Tyler Seguin’s Game 4 started well. At 5:18 of the first period, he forced Johnny Oduya to take an interference penalty.
Because of Seguin’s speed, the Bruins went on their first power play of the night. They could have grabbed a 1-0 lead with a goal and dumped the Blackhawks in an early ditch.
Instead, it was the other way around.
On the power play, Seguin tried to hold the left point. He knew Brandon Saad was challenging, but Seguin wasn’t strong enough on the puck. Saad picked the puck off Seguin’s blade and scurried away. At the other end, Michal Handzus scored the game’s first goal. The Blackhawks never trailed.
“I knew the guy was there,” Seguin said. “But I still almost got surprised by him. I’ve been very good at being hard on my stick. But he stripped me there. I couldn’t catch up with the play. It was just one that I’d like to have back.”
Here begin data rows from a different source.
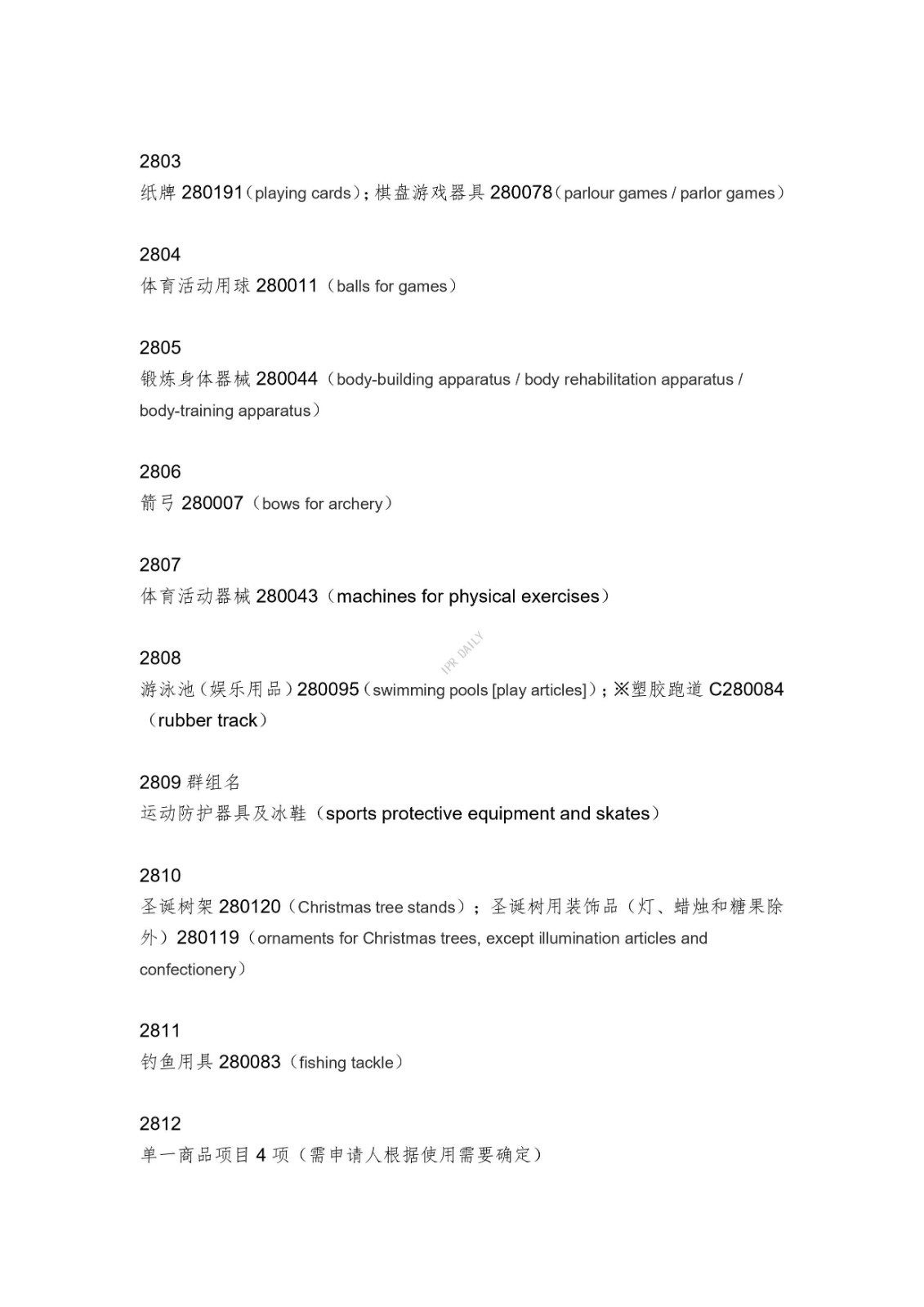 《類似商品和服務區分表》的重點項目及其英文翻譯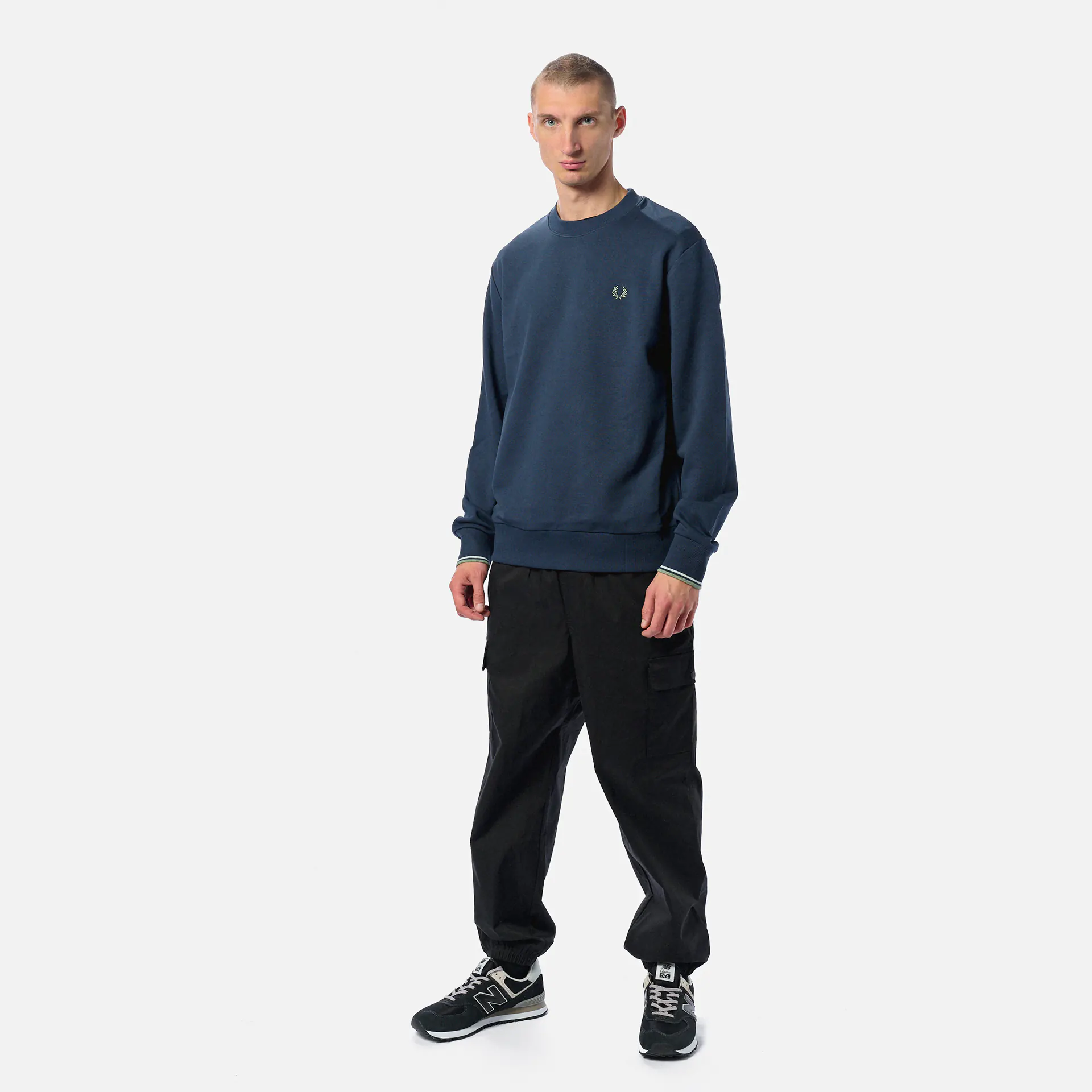 Fred Perry Crew Neck Sweatshirt Dark Airforce/Light Ice/Bayleaf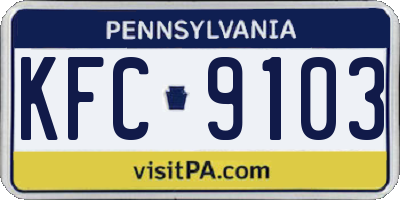 PA license plate KFC9103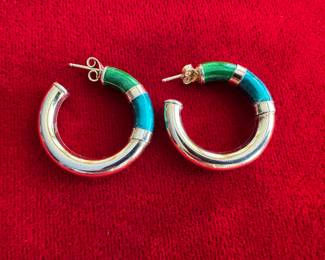 Lot#122 Now $35 - Was $50 Vintage Italian sterling vermeil & enamel earrings 1 1/8” diameter weight: 8.4 grams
The misplay didn’t help the Bruins launch the start they wanted. Handzus’s shorthanded goal gave the Blackhawks early energy. The Bruins chased the game until overtime, when Brent Seabrook whistled a slap shot past Tuukka Rask.
It was the third time in four games the Blackhawks displayed more pep and efficiency at the start than the Bruins. The Bruins were better early only in Game 3, when they claimed a 2-0 win.
“If there’s one thing in this series so far, they’ve definitely had the better starts,” Bruins coach Claude Julien said. “That’s an area where we keep talking about having a better start. They’ve had the advantage on us in that department. We’re working on hopefully having some better starts. There’s a maximum of three games left. Hopefully, we get better starts in those games.”
Seguin couldn’t recover from Saad’s strip. Seguin had just one shot in 15:18 of ice time. He lost some of his shifts on the third line to Rich Peverley.
“I’m still working hard, but with that first power-play goal I gave up, I really got hard on myself there,” Seguin said. “You want to improve, but then they popped a couple more. You’ve just got to face the music and respond.”
Seguin had company. In retrospect, Julien noted that none of his players could say he submitted a great performance, especially in the neutral zone, an area critical to the Bruins’ success.
It is in center ice where the Bruins force the most mistakes when they’re on their game. The first forechecker steers the opposing puck carrier into the teeth of the defense. When a pass skitters away or an exchange goes sour, the Bruins are prompt to pounce on the puck. Once they gain control, they initiate their transition game with numbers.
In Game 4, the Bruins weren’t sharp in the neutral zone. They didn’t force enough turnovers. The Blackhawks had clean, speedy entries through center ice into the offensive zone. The backtracking Bruins had to chase the puck. It is not their preferred approach.
“I thought we gave them a lot of space,” Julien said. “It doesn’t mean they don’t have pace to their game. But it means we gave them too many options. The neutral zone for me, not just on the forecheck but on the counter, wasn’t very good. Our counterattack wasn’t as good as it could have been or should have been in regards to that.”
Chicago’s best line was its top unit of Bryan Bickell, Jonathan Toews, and Patrick Kane. It was the line that closed out Los Angeles in the Western Conference finals.
For the first three games of the Stanley Cup Final, Chicago coach Joel Quenneville was wary of pairing Toews and Kane. The Blackhawks were worried that Zdeno Chara and Dennis Seidenberg would neutralize the top-heavy lineup.
But the first line responded with its most dominant performance in Game 4. Toews and Kane scored their first goals of the series. Bickell was a heavy net-front presence.
Seidenberg was on the ice for four of Chicago’s six goals. In the second period, Seidenberg blocked a Michael Rozsival shot. But Seidenberg couldn’t sweep away the rebound. Moments later, Kane scored to give Chicago a 3-1 lead.
Later in the second, Seidenberg pinched up the ice and failed to seal off the attack. The Blackhawks had a two-on-one rush against Chara, and Marcus Kruger buried his second attempt.
Seidenberg was on the ice for Patrick Sharp’s third-period power-play goal. In overtime, Rask leaned to his left to peek around a Seidenberg screen. An instant later, Seabrook ripped his shot blocker side. Had Rask not been leaning left, he might have been positioned to stop the shot.
“The goal that we gave up, a lot of times guys were just not being in the right place where they should have been,” Julien said. “Instead of stopping in our positions, we did a lot of curling [Wednesday] night, which is usually a sign of our team struggling.”
If the Bruins fix their sputtering starts, tighten up the neutral zone, and improve their defensive-zone positioning, they should be in good shape for Game 5. Despite the 6-5 overtime setback in Game 4, the Bruins rallied from a pair of two-goal deficits. They scored two power-play goals. They targeted Corey Crawford’s withering glove, which promises to be a bull’s-eye in Game 6.
Crawford waved at all five goals.
“A few goals were on the glove side there,” Brad Marchand said. “But there was a ton of really nice opportunities we had there that he saved on the glove side as well. Just lucky shots.”